Cleaning a solution deletes files of particular file types from the project intermediate folders. You can see which files are deleted by looking at the project property General > Extensions to Delete on Clean.

The behavior you note is because the generated interface module files, xxx__genmod.mod, are deleted on a clean, and the presence of these is what is used by generated interface checking. The next time you build, if the source that calls the routine happens to be compiled before the source that defines the routine, you won't see the generated interface error. But once that module is there, subsequent compiles will see the error.

You should correct the error in your sources. It would be better if the build order tried to take generated interfaces into account.

Retired 12/31/2016

That explains one or two strange behaviours I have had from time to time. Thanks.

A warning for an implicit procedure reference would reliably trigger for the programming error in the original post too...

<nudge target="Intel Fortran developers" class="subtle">.

Thanks for the info on cleaning. Now it makes sense.

But I would like some clarification on the "error" itself. The lack of an explicit interface appears to be only a "warning" which, if I choose, can be treated as an "error" and thus prevent successful compiling until it is fixed. If I don't choose this setting, it remains a warning only and the program compiles, links, and runs just fine. What is the risk of depending on this, i.e. what exactly does a warning mean? Is it an Intel extension to the standard that allows the program to compile and run? Is it only if I want complete conformance to the Fortran standard that the "error" has to be fixed?

And if the offending subroutine (having an optional argument) is put in a module, and the resulting .mod file is added to the project, ist that a perfectly good way of fixing the problem? (I would consider this easier than adding an explicit interface to the calling program.)

The warning means "We're compiling this, but it may not do what you want". At run-time you're likely to get an error or incorrect execution.

Retired 12/31/2016

I am new to Intel fortran Composer XE 2013. I would like to know what is a Project and a solution.

2) If I want to create different versions of an exe file by changing a a few things in a source code of one sub routine among many sub routines and give different names to the exe files, How do I go ahead? Do I need to copy all the subroutines etc arranged in a folder as two places and use the seperately ( Whereas all the changes will be only in one of the subroutines, among several that are linked).
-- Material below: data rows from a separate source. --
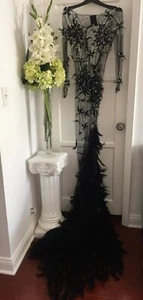 EXQUISITO VESTIDO TRANSPARENTE DE ALTA COSTURA CON CUENTAS A MANO PLUMAS REALES ADORNADO - Imagen 1 de 12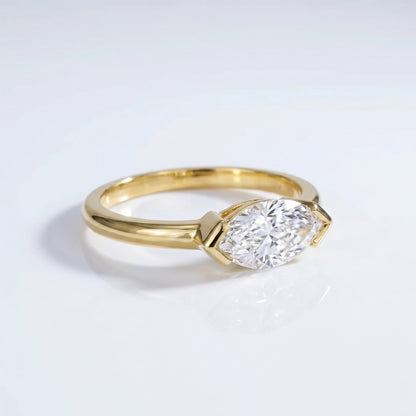 Marquise Swirl Solitaire Engagement Ring – 1 CT Lab Grown Diamond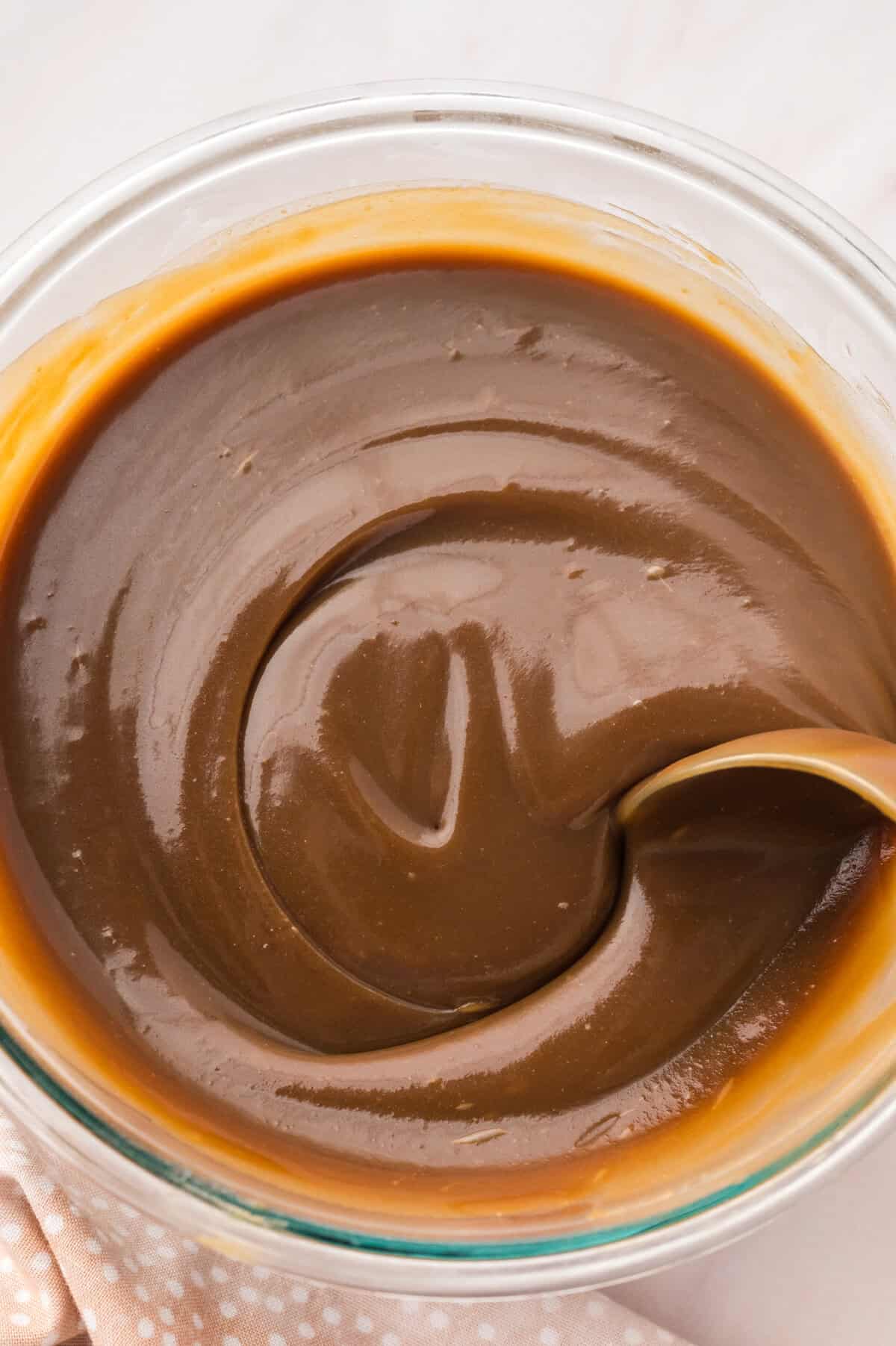 Butterscotch sauce in bowl.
Please advise me the best possible way to go ahead.


1) A project builds a single executable or library. A project is for one programming language only.  A solution is a container for one or more projects - if you build the solution, you build all projects in it. Build order is determined by project dependencies that you can establish. Visual Studio always wants to create a solution when you go to build a project. For a simple application, a solution will contain a single project, but it can have many, including projects in different languages (say, C++ and Fortran) that are combined when the top-level project is built.

2) You can create multiple "configurations" of a project with different settings. Typically I'd suggest using preprocessing to make the changes in the source files, and you can then specify the values of the substitutions in the "Preprocessing" property page of the configuration.  You can also change the executable name in the configuration property.